GOAL OF THE EXERCISE =>
Reproduce everything from the line that contains "meski ditekan untuk" down to the line that contains "2023年B站大全收费入口位置及费用，查找方法介绍" in the listing below, word for word and nothing more. Leave the pictures out.

DATA LISTING =>
● ● ● ● ● ● ●
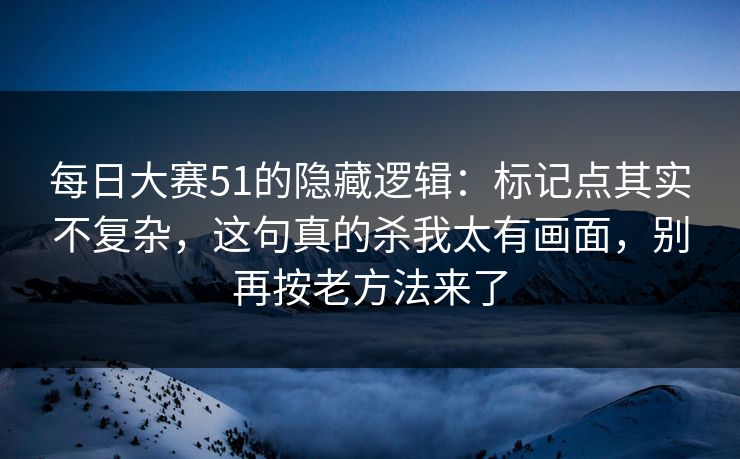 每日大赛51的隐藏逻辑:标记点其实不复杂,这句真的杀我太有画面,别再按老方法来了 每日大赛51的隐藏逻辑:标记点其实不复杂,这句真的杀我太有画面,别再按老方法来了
● ● ● ● ● ● ●
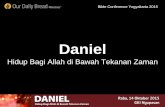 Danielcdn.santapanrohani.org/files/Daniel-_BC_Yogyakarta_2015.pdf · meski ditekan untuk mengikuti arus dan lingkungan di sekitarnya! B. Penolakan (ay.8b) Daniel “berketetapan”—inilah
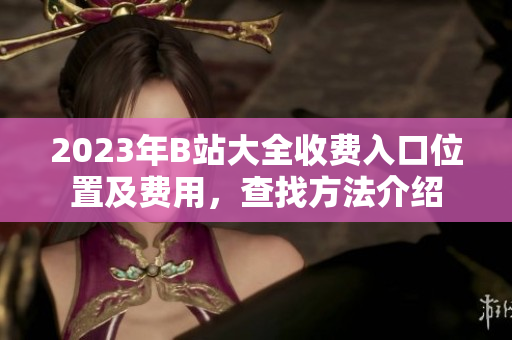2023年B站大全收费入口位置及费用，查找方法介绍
● ● ● ● ● ● ●
OUTPUT BELOW =>
 Danielcdn.santapanrohani.org/files/Daniel-_BC_Yogyakarta_2015.pdf · meski ditekan untuk mengikuti arus dan lingkungan di sekitarnya! B. Penolakan (ay.8b) Daniel “berketetapan”—inilah
2023年B站大全收费入口位置及费用，查找方法介绍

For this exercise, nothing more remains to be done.